Task item | In the records below, find the line that contains "used 2011 BMW Z4 car, priced at $24,900" and the line that contains "Grmanova White Rings"; write out exactly those two lines and everything between them, without the pictures.

Provided data |
■ ■ ■ ■ ■ ■ ■

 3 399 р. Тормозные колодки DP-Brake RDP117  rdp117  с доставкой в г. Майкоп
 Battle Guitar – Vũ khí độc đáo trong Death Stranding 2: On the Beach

■ ■ ■ ■ ■ ■ ■

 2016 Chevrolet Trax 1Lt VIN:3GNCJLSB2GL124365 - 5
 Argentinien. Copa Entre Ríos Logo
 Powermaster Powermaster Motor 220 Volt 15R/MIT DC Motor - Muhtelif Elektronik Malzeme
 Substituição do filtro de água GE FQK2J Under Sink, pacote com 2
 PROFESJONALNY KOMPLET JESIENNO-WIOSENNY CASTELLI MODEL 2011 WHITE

■ ■ ■ ■ ■ ■ ■

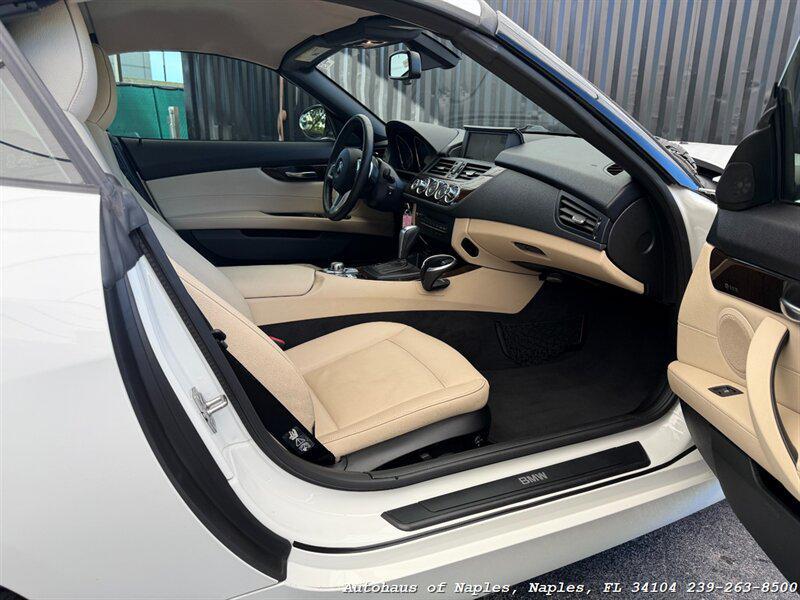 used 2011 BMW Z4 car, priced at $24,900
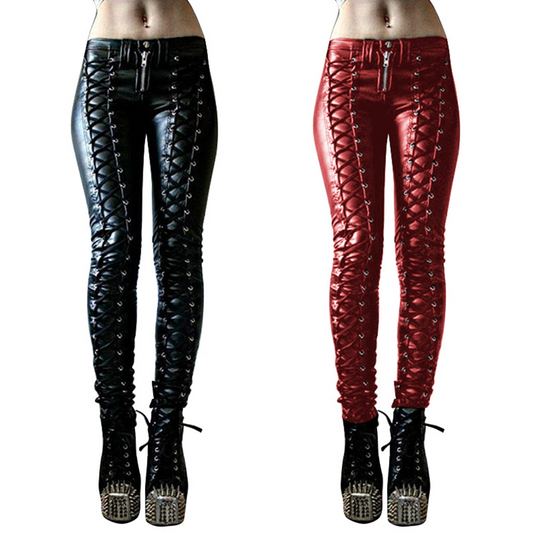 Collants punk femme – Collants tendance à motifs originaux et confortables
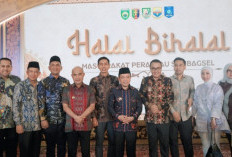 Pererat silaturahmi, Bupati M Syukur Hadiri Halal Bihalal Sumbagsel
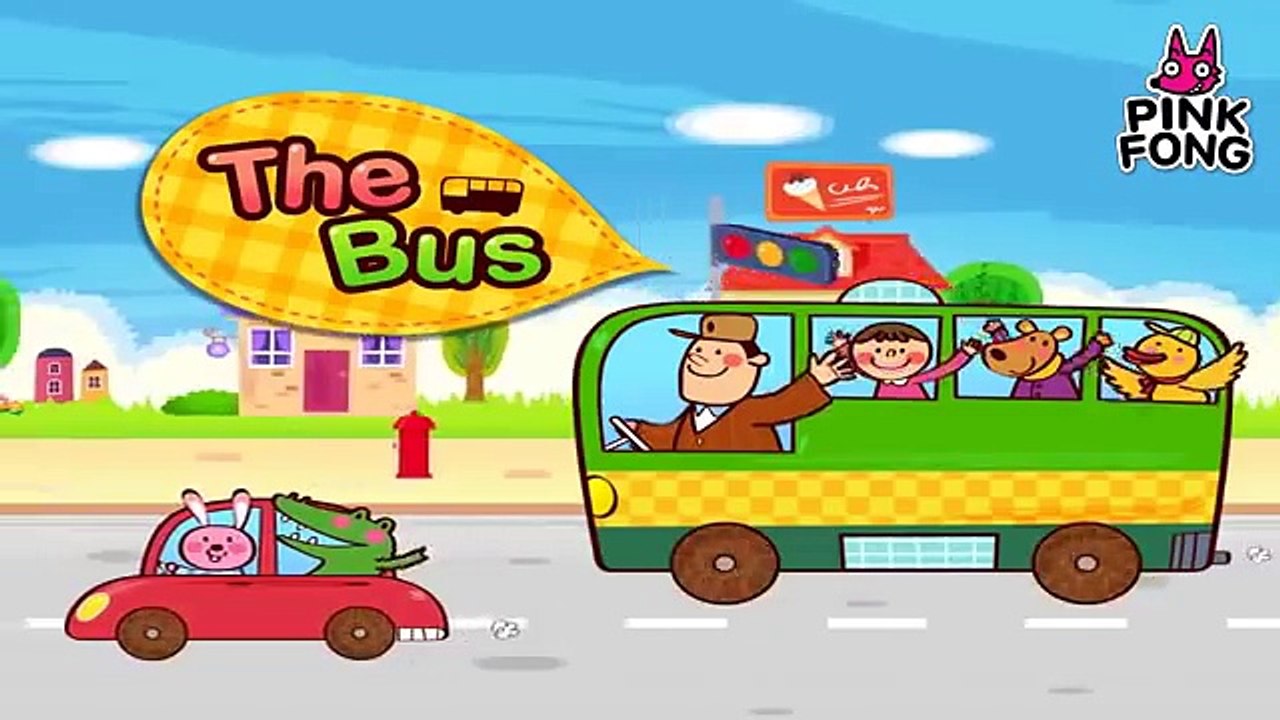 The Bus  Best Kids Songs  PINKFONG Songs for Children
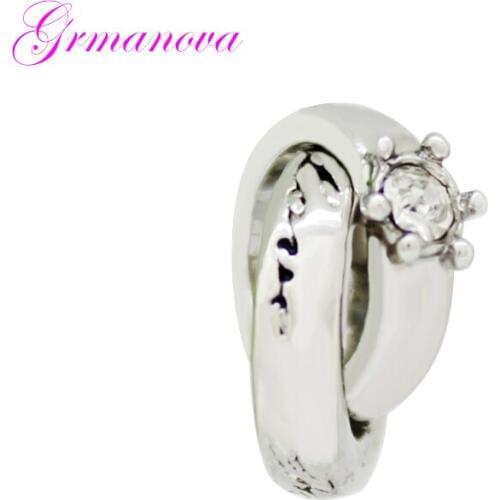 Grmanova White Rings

■ ■ ■ ■ ■ ■ ■

Solution for this task |
 used 2011 BMW Z4 car, priced at $24,900
 Collants punk femme – Collants tendance à motifs originaux et confortables
 Pererat silaturahmi, Bupati M Syukur Hadiri Halal Bihalal Sumbagsel
 The Bus  Best Kids Songs  PINKFONG Songs for Children
 Grmanova White Rings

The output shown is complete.